I'd reccomend getting a heat mat. Low wat ones won't burn your table (or shouldn't, anyway) and you can also run it off a thermostat. You can buy ReptaPet heat mats with built in thermostats in them for about $60 for a 5w. You can always lay something down beneath the heat mat to stop it lying directly on the table as well.

As for getting another gecko, I haven't heard of anything happening between two females... But I'm a newb to this, I get my pair of Levis in a few days hopefully 

- Justin


----------



## shellfisch (May 13, 2011)

Keeping one male to two females, may work out for you. Or two females. 
We keep a male and a female together all year round in a 2 1/2 foot glass tank. We were keeping another female in there as well, but were concerned that she was not getting her share of food, so we separated them. 
Just keep in mind that if you have a male and female together, you will likely end up with eggs. 
If you are worried about a heat mat burning the surface its sitting on, place a tile, or a thin piece of styrofoam under it? 
We use a heat mat directly on top of a wooden surface and have done for years with no problems 

They are cute little critters, enjoy them


----------



## mrs_davo (May 13, 2011)

I also house pairs of smooth nobbies together with no problems....
I use a Reptile One 2.5 watt heat mat ( cost about $30-$40 ) - and I put it under the sand ( with a hide over the top of it )
- and they love it....
It doesnt get too hot and does not require a thermostat...


----------



## LizardLady (May 13, 2011)

Hey Pippa! 

I have a pair of N. levis levis in an enclosure the same size, and they both seem to get on just fine. I have a heat mat (the only brand I trust) under the warm end 24/7 and a heat-globe over the warm end for 9hours (soon to be less!)...
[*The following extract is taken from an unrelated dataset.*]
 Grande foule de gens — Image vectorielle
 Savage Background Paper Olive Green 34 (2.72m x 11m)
They have two hides (one each) in the warm end, I mist the sand at the warm end every second night to hold their burrows, a piece of thick bark/wood (hide) along the back (so it's over both warm and cool ends)and they have the "laying box" with damp sand/vermiculite at the cool end. They both utilise every spare centimetre of their enclosure, but spend most of the time in the warm end...

They are (imo) the most interesting little geckos to watch - more so than my "walking Aboriginal paintings" (U. milii) - and you shouldn't have too many troubles housing either a trio (m/f/f) or pair in that size - as long as you're prepared for eggs!
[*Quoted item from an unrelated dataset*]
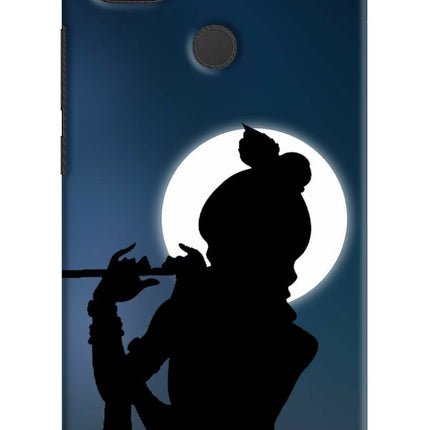 Shri Krishna Silhouette Redmi 9 Hard Case Back Cover by Casekaro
Enjoy your little critters!

Best,
Carolyn


----------



## dickyknee (May 13, 2011)

Just keep an eye on them , make sure both are getting food and one is not bullying the other ....
If their tails are nice and plump then they are generally in good condition.


----------



## Shadowfoxpika2 (May 13, 2011)

shellfisch said:


> Keeping one male to two females, may work out for you. Or two females.
> We keep a male and a female together all year round in a 2 1/2 foot glass tank. We were keeping another female in there as well, but were concerned that she was not getting her share of food, so we separated them.
> Just keep in mind that if you have a male and female together, you will likely end up with eggs.
> If you are worried about a heat mat burning the surface its sitting on, place a tile, or a thin piece of styrofoam under it?
> ...


And yeah I dont want males for the whole eggs thing Im a bit to young to try breeding and I would hate for little ones to die and I dont know anyone with an incubator I could give them too

and cool so the heat mat just sits under the tank I have a 5 watt one and a 1 watt one those dont need thremostats?



Juz92 said:


> I'd reccomend getting a heat mat. Low wat ones won't burn your table (or shouldn't, anyway) and you can also run it off a thermostat. You can buy ReptaPet heat mats with built in thermostats in them for about $60 for a 5w. You can always lay something down beneath the heat mat to stop it lying directly on the table as well.
> 
> As for getting another gecko, I haven't heard of anything happening between two females... But I'm a newb to this, I get my pair of Levis in a few days hopefully
> 
> - Justin


 
Awesome, one question but the heat mats so do they touch the bottom of the tank as well? so the little rubber bits you get with them are enought height below them?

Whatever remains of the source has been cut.